PORTLAND - Oregon Air National Guard jet fighters roared to Canadian air space Tuesday afternoon to turn back and escort a threatened Korean Air jetliner.
Two F-15s were scrambled from the Portland Airbase after Canadian authorities received what they called a credible bomb threat. The threat came by phone to the Korean Air office in Los Angeles about 25 minutes after the plane left the Vancouver International Airport at 4 p.m. for Seoul, Korea.
NORAD reported that the Portland jets were dispatched shortly after the threat was received. The F-15 pilots' mission was to intercept, divert and escort the Korean Air jetliner to Canadian Forces Base Comex on Vancouver Island.
The two Portland-based jets successfully brought Korean Air Flight 72 to the military base where it landed safely around 5:30 p.m. The Boeing 777, with 149 passengers on board, was searched for explosives, but none were found.
The F-15s were scrambled from Portland because they were the NORAD planes closest to the incident. A 142nd Fighter Wing Air National Guard spokeswoman said the two F-15s have returned safely to the Portland airbase.
Retired United Airlines pilot Jim Hummel told KGW that a pilot faces a touchy situation in a case like this, when informing the passengers.
"You don’t know how the passengers are going to react," said Hummel, who also was a military pilot. "So more than likely, they told the passengers they had a problem with the airport and they would divert for safety reasons to wherever they ended up going."

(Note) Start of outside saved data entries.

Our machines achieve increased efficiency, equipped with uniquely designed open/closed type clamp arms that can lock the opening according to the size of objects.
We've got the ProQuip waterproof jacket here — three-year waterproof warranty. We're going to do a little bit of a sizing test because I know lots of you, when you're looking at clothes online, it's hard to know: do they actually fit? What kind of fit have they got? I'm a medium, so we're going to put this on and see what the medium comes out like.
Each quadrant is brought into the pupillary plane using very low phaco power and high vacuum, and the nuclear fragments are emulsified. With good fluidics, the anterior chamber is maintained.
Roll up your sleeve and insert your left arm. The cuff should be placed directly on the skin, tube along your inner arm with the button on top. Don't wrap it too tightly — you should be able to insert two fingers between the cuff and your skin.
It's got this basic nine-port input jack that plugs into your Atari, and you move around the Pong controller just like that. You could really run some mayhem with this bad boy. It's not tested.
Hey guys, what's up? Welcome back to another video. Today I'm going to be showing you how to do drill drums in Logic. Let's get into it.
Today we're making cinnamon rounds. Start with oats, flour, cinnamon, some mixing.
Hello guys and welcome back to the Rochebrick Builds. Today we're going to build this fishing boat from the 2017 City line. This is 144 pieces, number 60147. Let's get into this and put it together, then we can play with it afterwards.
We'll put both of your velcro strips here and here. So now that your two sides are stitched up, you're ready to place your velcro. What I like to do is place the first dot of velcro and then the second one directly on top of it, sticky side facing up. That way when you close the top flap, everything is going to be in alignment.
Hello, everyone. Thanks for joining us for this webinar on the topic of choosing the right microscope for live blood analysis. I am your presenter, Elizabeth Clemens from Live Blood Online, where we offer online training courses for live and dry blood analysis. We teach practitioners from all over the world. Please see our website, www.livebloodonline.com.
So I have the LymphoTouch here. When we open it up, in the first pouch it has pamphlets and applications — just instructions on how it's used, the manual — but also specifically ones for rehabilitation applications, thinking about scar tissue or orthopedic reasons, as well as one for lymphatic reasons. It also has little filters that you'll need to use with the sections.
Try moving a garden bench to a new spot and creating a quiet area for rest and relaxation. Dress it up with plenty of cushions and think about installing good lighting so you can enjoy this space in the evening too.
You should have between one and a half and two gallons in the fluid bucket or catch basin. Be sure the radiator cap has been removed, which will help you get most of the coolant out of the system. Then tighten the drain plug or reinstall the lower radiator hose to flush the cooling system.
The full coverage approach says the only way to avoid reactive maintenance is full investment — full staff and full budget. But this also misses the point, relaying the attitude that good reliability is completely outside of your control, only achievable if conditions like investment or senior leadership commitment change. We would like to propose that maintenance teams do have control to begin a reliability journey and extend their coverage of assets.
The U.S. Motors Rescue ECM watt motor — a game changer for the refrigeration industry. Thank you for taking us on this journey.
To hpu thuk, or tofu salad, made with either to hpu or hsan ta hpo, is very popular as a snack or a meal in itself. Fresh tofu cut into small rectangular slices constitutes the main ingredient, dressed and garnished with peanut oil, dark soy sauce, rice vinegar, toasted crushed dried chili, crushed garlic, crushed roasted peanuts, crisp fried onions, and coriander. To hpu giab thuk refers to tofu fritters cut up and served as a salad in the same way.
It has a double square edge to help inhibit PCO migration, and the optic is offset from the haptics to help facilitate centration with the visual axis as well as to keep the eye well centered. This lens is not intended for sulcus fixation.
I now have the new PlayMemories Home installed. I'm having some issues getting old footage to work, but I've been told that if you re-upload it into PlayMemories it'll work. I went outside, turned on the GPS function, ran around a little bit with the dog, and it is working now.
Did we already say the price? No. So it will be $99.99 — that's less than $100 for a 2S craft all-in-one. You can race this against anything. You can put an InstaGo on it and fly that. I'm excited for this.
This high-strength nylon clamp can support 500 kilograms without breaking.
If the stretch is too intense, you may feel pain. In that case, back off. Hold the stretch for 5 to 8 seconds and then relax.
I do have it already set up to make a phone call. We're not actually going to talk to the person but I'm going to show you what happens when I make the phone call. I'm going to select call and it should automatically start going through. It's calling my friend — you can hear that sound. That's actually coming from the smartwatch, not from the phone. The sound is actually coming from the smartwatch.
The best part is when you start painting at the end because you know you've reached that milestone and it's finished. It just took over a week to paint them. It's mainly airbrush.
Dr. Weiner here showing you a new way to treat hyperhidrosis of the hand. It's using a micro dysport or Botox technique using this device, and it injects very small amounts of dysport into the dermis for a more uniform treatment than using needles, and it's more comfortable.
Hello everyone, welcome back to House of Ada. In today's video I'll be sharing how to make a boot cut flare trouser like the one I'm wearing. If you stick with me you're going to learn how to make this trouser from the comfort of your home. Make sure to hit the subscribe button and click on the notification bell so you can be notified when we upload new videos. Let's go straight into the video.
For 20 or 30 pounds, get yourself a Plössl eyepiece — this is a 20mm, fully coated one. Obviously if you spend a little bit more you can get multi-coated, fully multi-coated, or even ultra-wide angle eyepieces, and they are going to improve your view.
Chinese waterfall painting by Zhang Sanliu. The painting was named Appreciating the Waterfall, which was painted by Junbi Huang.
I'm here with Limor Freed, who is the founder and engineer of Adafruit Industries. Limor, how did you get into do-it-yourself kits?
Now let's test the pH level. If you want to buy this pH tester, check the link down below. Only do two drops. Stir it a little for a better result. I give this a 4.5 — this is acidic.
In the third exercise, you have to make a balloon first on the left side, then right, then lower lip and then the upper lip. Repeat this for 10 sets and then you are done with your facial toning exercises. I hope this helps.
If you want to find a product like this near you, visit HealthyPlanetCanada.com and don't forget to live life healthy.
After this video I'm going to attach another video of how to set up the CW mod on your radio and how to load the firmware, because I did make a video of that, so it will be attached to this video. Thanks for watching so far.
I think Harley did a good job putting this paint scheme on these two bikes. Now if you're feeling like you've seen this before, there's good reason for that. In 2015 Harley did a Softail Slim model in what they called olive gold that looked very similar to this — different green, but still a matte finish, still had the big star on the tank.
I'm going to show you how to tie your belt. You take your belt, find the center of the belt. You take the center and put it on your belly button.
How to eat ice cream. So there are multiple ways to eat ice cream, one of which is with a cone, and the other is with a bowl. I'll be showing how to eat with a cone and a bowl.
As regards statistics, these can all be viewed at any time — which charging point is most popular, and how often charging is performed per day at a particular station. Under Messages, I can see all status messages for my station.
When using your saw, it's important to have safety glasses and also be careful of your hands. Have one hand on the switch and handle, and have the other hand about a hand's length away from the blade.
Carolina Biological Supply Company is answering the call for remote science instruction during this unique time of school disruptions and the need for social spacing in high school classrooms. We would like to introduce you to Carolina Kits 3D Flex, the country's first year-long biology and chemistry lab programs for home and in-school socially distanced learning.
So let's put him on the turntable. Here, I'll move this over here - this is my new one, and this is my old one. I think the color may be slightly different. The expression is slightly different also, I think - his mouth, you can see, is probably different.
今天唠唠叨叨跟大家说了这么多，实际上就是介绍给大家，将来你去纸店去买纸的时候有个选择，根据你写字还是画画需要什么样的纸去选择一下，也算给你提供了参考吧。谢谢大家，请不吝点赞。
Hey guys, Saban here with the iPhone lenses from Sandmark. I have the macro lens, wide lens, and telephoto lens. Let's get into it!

The airline pilots also have to begin procedures to prepare for an unexpected loss of cabin pressure.
Hummel added that the F-15 pilots were most definitely prepared for anything.
"When something this real comes up, I mean they train for it all the time," he said, "but having been in the Air Force, and sitting alert in an airplane, when a real thing comes down it really gets the adrenaline going and that’s what they train for. So they were all hyped-up for it I’m sure."